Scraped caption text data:

# # # #

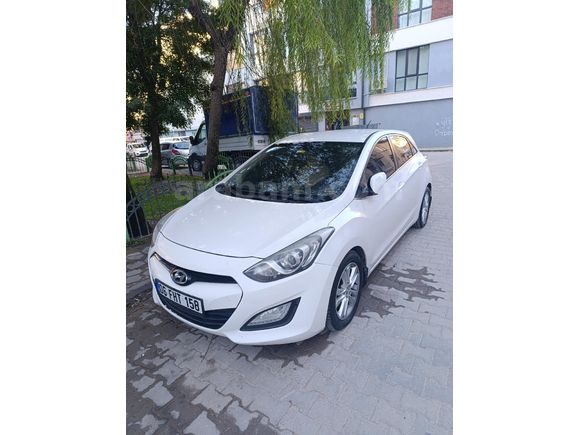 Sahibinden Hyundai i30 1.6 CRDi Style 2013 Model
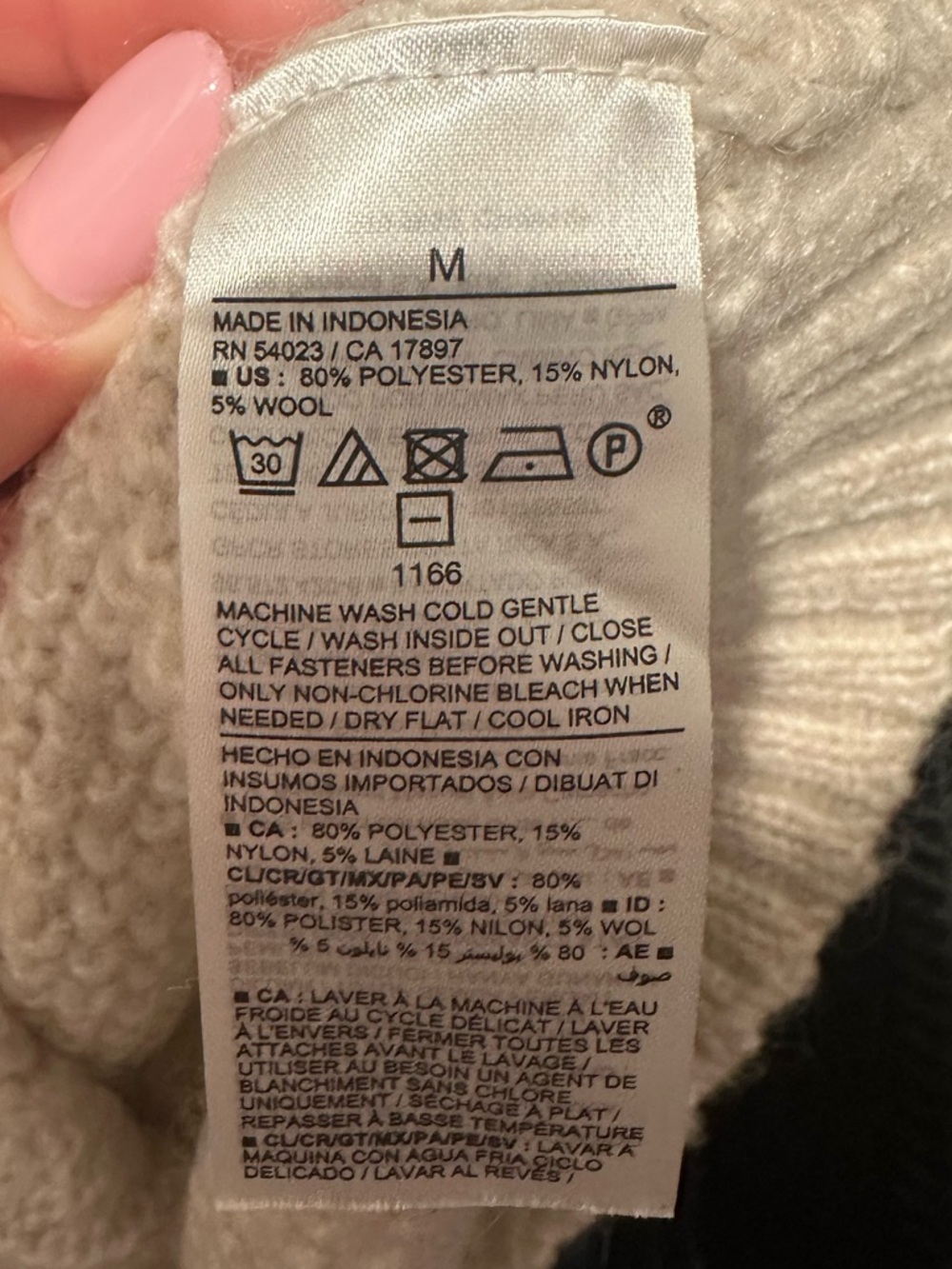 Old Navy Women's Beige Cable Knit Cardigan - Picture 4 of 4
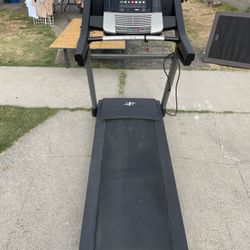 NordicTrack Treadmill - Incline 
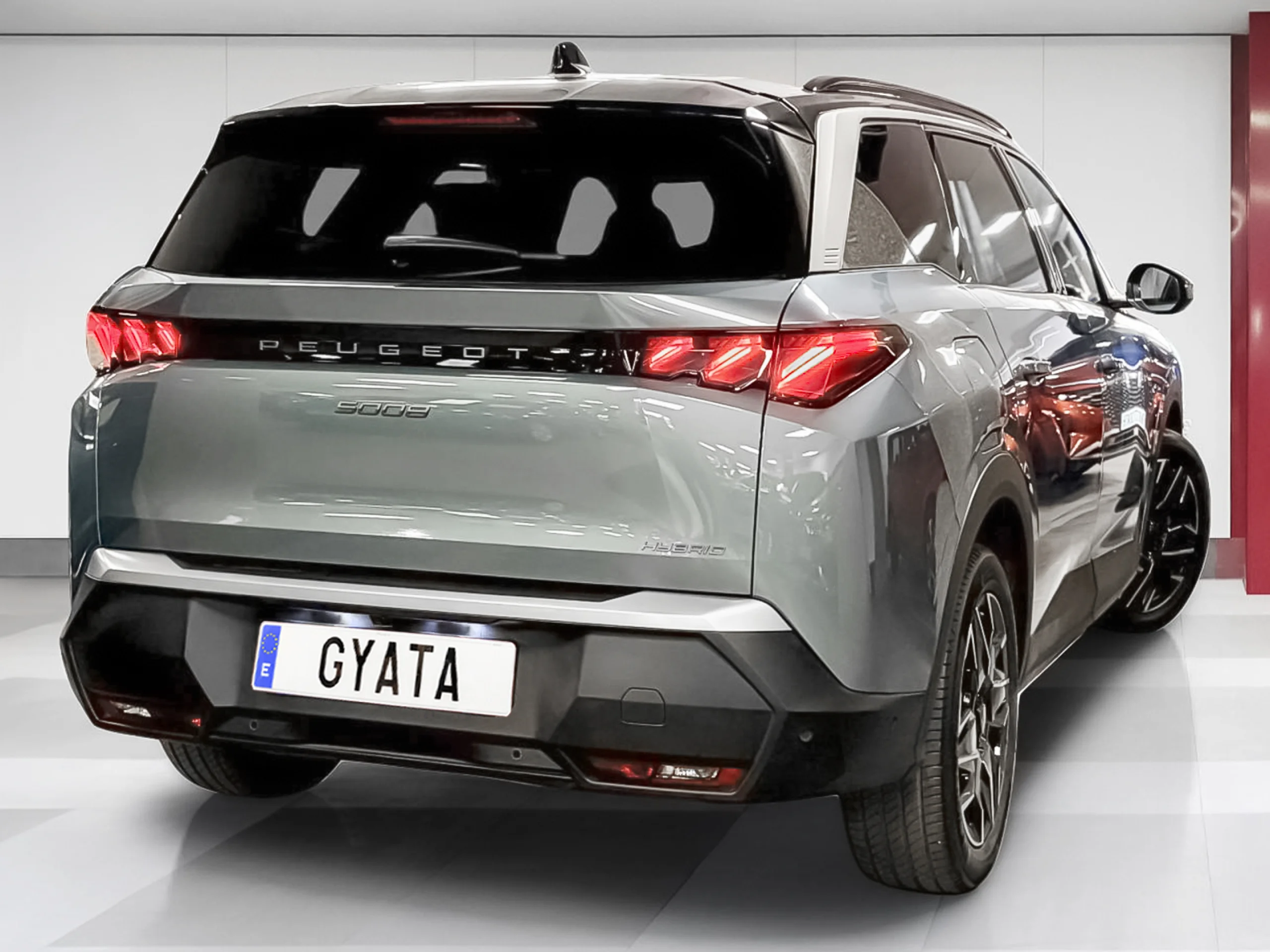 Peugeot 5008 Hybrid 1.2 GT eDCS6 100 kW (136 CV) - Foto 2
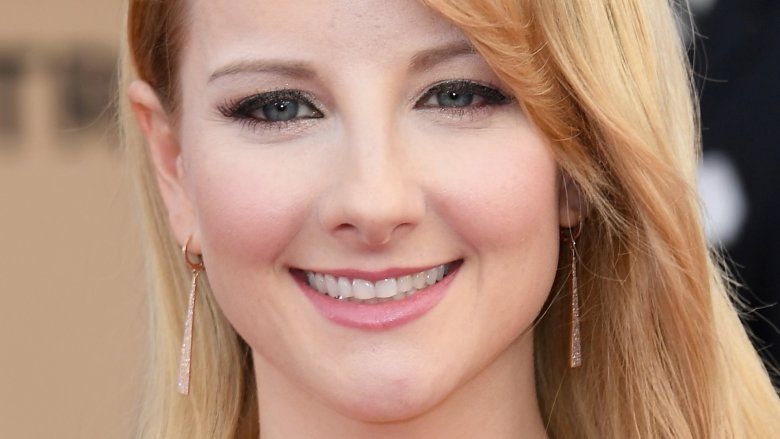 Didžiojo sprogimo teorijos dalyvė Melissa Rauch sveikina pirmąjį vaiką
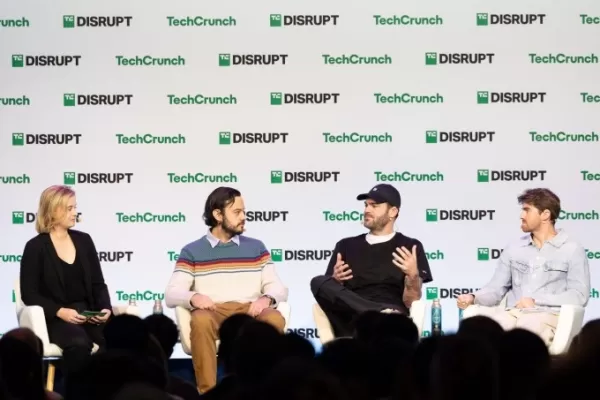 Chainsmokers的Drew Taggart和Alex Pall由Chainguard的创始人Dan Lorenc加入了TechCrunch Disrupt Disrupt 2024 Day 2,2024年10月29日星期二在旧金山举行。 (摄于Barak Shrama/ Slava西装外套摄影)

# # # #

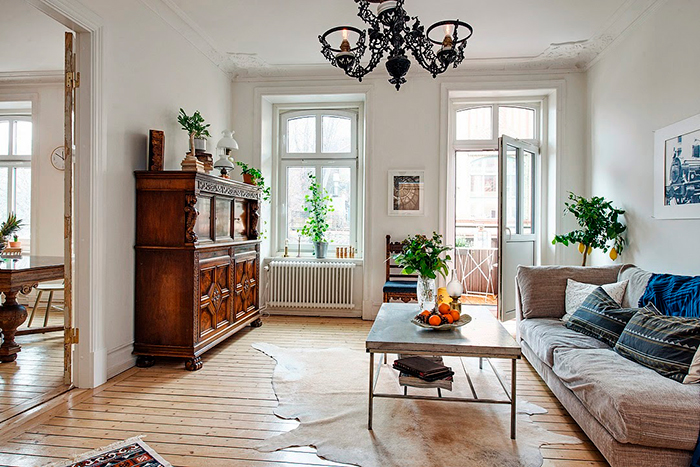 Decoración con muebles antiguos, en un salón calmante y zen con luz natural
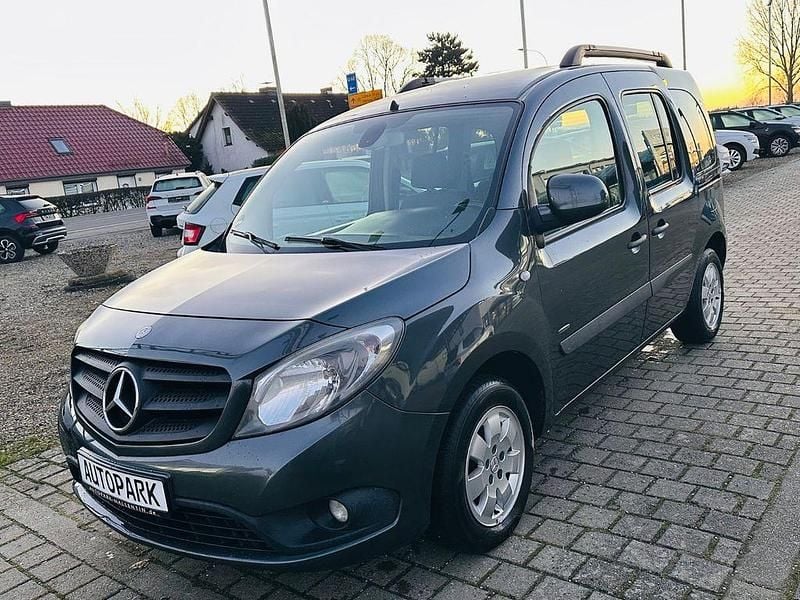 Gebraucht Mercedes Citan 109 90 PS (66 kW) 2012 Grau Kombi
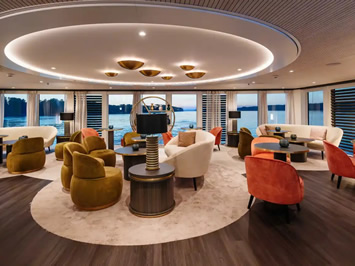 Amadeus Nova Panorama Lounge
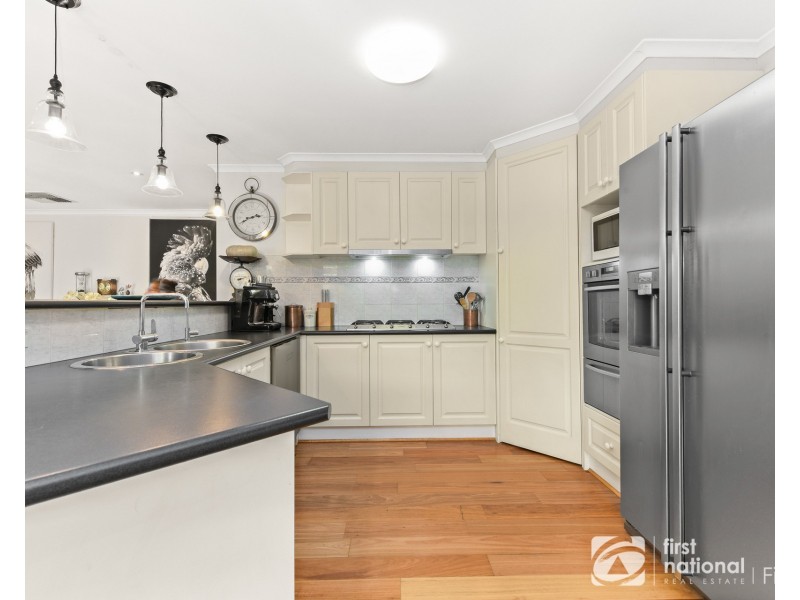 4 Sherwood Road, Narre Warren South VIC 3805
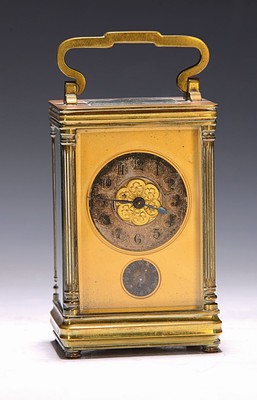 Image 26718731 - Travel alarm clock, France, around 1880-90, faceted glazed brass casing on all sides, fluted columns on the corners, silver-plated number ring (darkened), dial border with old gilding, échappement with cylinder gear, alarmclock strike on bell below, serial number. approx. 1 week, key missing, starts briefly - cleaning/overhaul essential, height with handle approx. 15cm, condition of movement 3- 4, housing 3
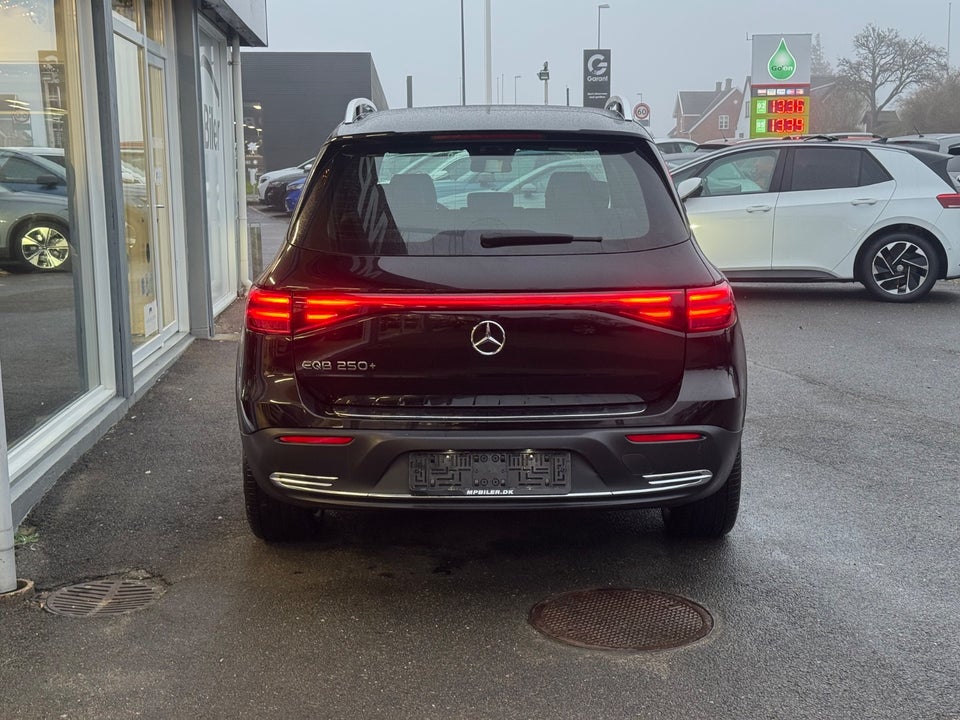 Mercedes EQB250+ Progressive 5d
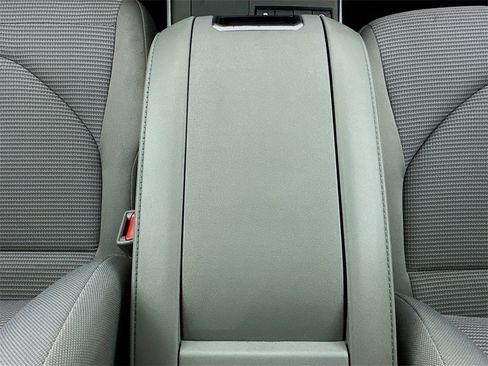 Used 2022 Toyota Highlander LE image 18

# # # #

EXERCISE DETAILS:
Output exactly the lines above that lie between the line with "NordicTrack Treadmill - Incline" and the line with "Chainsmokers的Drew Taggart和Alex Pall由Chainguard的创始人Dan", those two lines included, and no pictures.

ANSWER TO THE PROBLEM:
 NordicTrack Treadmill - Incline 
 Peugeot 5008 Hybrid 1.2 GT eDCS6 100 kW (136 CV) - Foto 2
 Didžiojo sprogimo teorijos dalyvė Melissa Rauch sveikina pirmąjį vaiką
 Chainsmokers的Drew Taggart和Alex Pall由Chainguard的创始人Dan Lorenc加入了TechCrunch Disrupt Disrupt 2024 Day 2,2024年10月29日星期二在旧金山举行。 (摄于Barak Shrama/ Slava西装外套摄影)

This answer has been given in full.